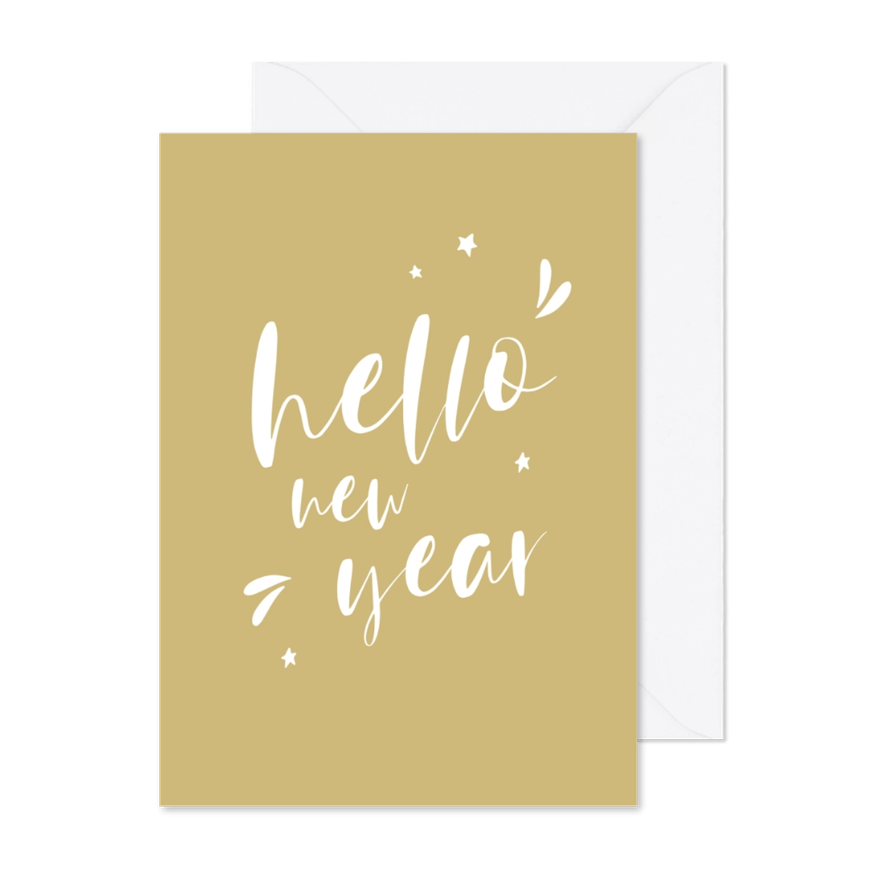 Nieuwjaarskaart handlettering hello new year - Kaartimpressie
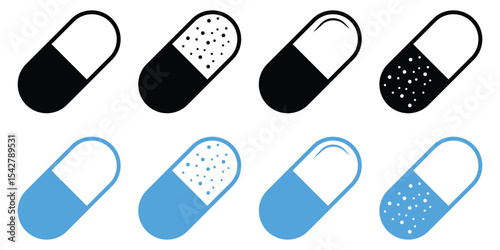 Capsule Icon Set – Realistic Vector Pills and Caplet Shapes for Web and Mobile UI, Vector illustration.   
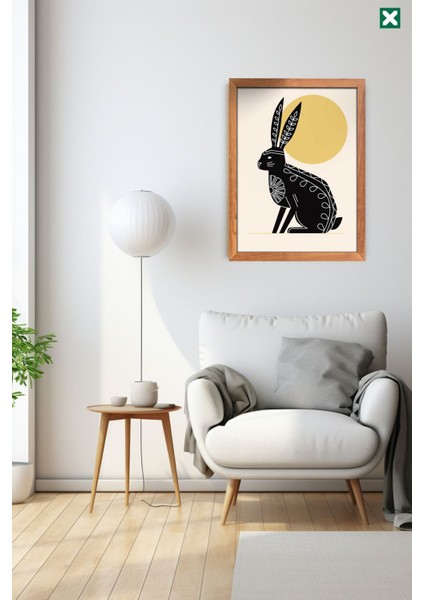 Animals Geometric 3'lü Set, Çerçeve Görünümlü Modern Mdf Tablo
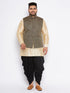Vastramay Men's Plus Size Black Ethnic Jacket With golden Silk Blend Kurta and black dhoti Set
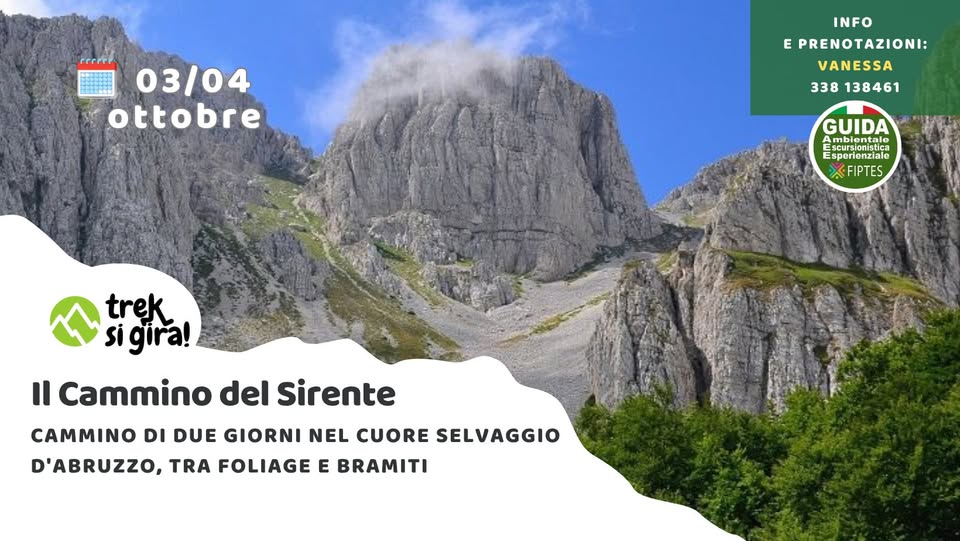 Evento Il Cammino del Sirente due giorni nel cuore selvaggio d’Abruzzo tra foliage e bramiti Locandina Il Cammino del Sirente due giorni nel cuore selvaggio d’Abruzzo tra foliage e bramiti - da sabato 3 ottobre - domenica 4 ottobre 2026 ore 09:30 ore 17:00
* * * * *
- **Try it**
Return every entry from the listing above exactly as it stands, leaving out any picture.

- **Result of the task**
 Nieuwjaarskaart handlettering hello new year - Kaartimpressie
 Capsule Icon Set – Realistic Vector Pills and Caplet Shapes for Web and Mobile UI, Vector illustration.   
 Animals Geometric 3'lü Set, Çerçeve Görünümlü Modern Mdf Tablo
Vastramay Men's Plus Size Black Ethnic Jacket With golden Silk Blend Kurta and black dhoti Set
 Evento Il Cammino del Sirente due giorni nel cuore selvaggio d’Abruzzo tra foliage e bramiti Locandina Il Cammino del Sirente due giorni nel cuore selvaggio d’Abruzzo tra foliage e bramiti - da sabato 3 ottobre - domenica 4 ottobre 2026 ore 09:30 ore 17:00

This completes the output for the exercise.